_Exercise_
The line with "Parranajokone Sencor SMS7500BK kuvasuurennos" marks the first line to copy, and the line with "Magnézium-citrát - Magnesium Citrate" marks the last. Transcribe that stretch of the data below exactly, without pictures.

::: Material to process :::

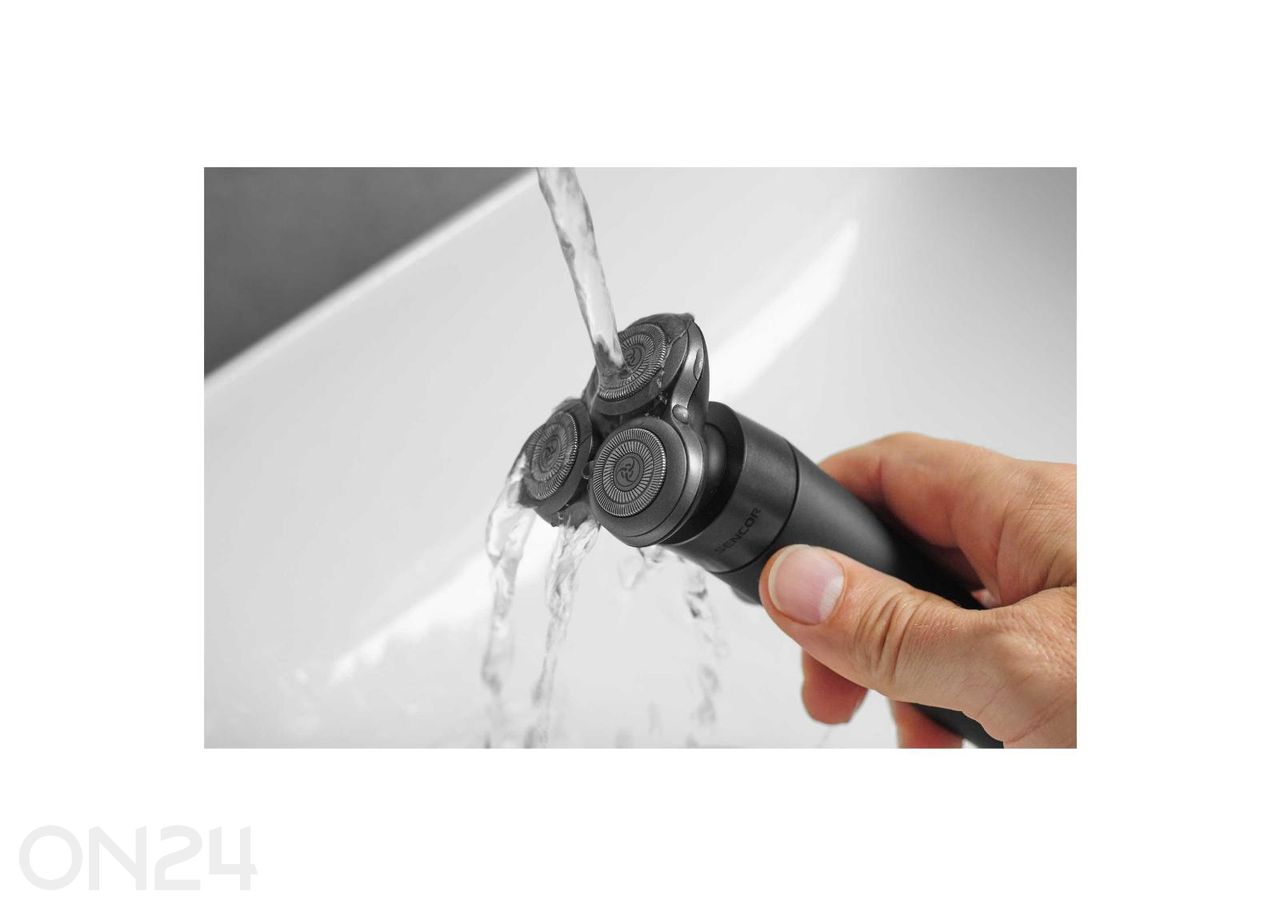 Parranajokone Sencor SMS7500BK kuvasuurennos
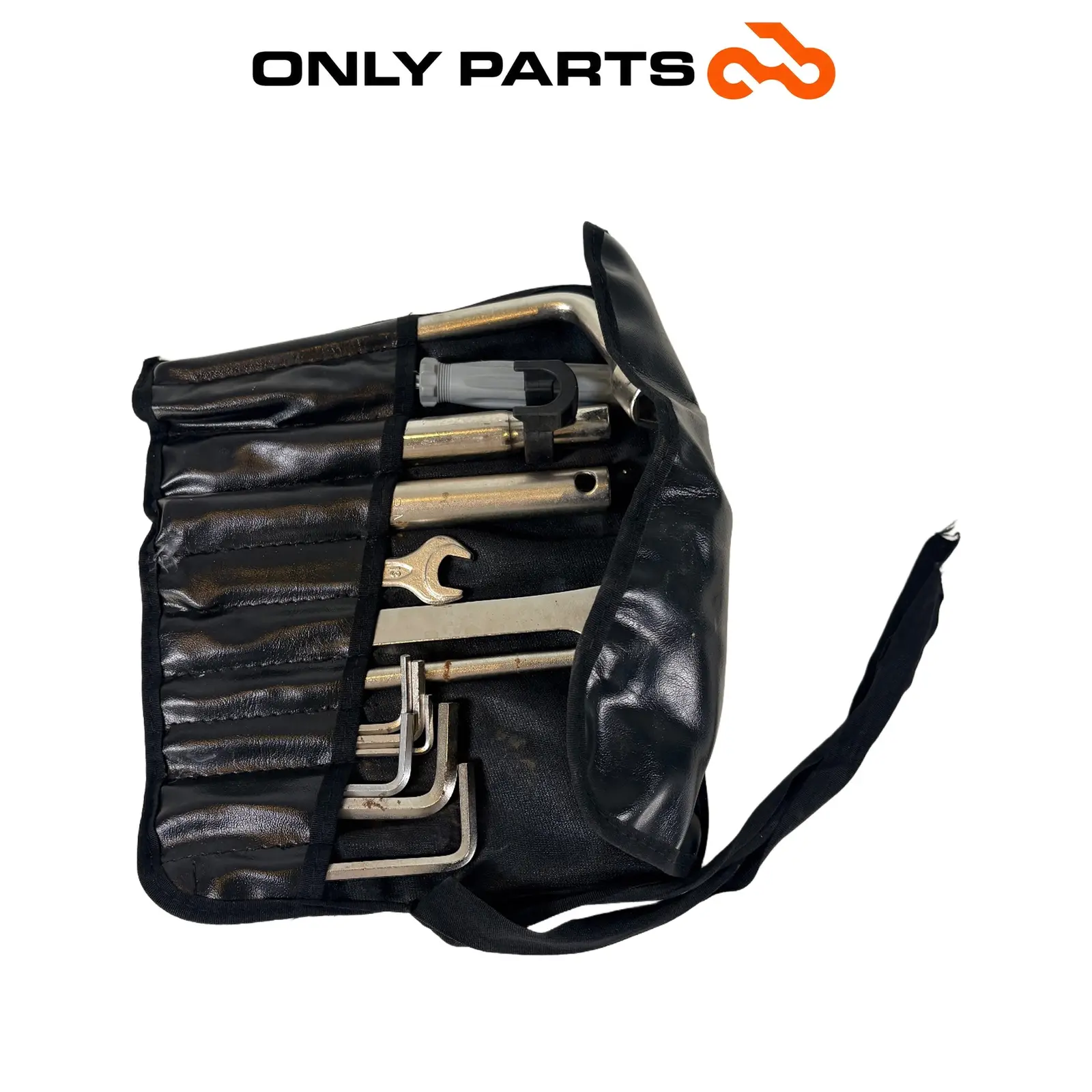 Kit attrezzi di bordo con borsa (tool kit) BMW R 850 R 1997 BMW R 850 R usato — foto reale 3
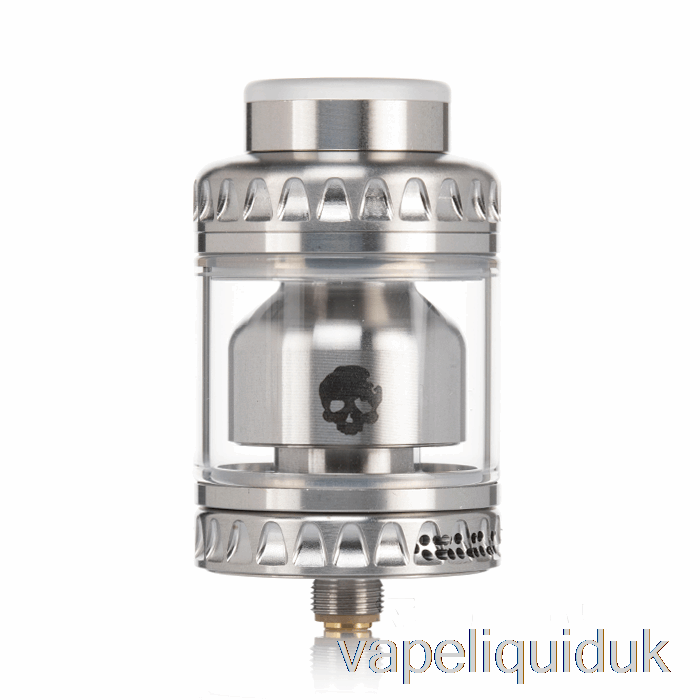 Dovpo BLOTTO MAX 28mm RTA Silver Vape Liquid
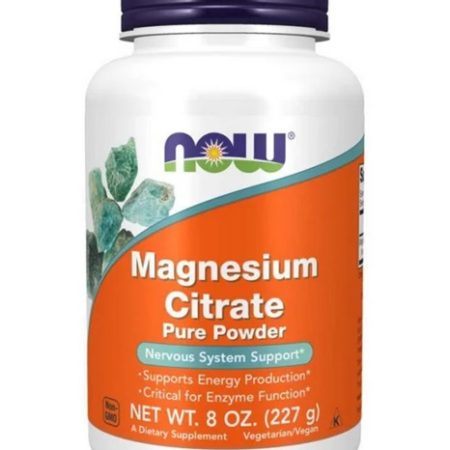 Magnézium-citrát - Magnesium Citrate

:::
::: Material to process :::

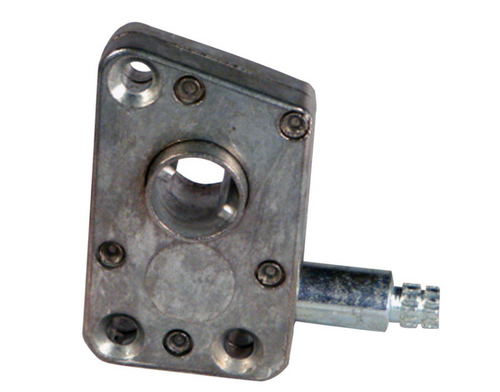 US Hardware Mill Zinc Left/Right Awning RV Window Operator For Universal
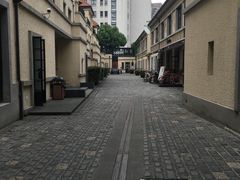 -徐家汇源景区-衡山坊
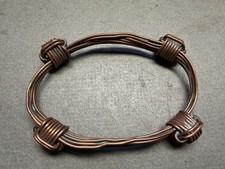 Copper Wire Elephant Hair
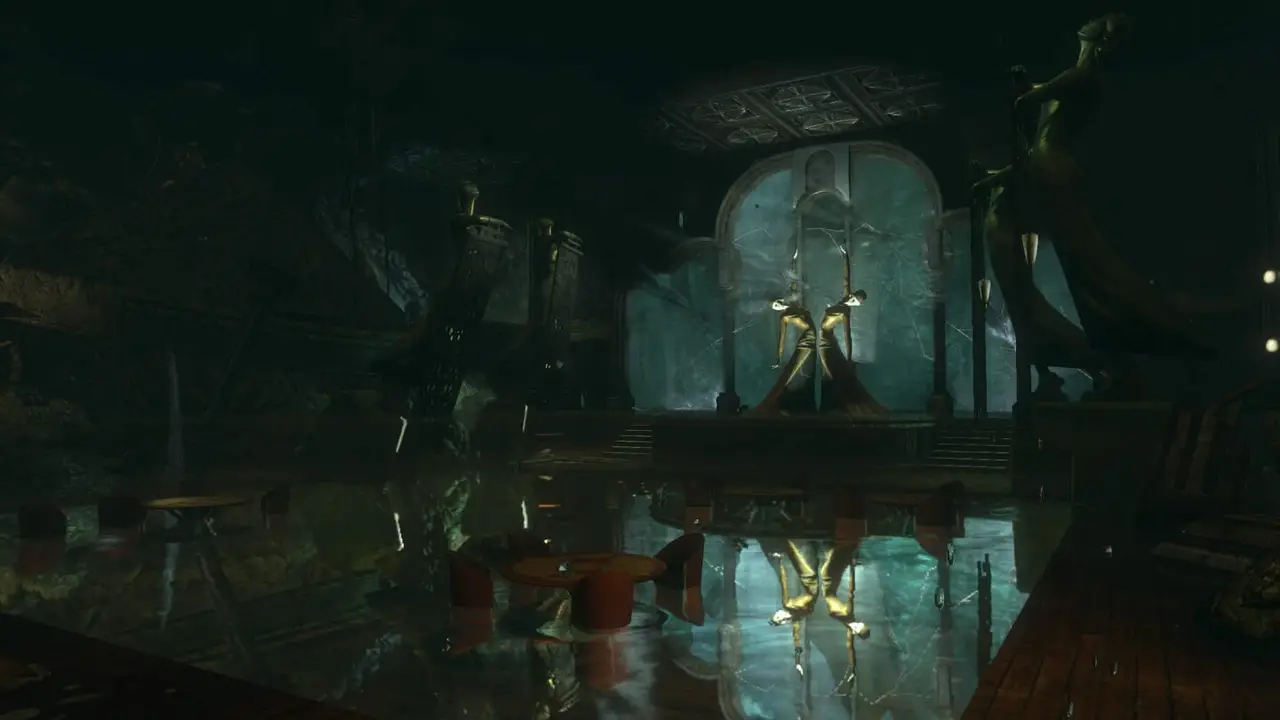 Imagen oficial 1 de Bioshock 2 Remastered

:::

_Solution to the problem_
 Parranajokone Sencor SMS7500BK kuvasuurennos
 Kit attrezzi di bordo con borsa (tool kit) BMW R 850 R 1997 BMW R 850 R usato — foto reale 3
 Dovpo BLOTTO MAX 28mm RTA Silver Vape Liquid
 Magnézium-citrát - Magnesium Citrate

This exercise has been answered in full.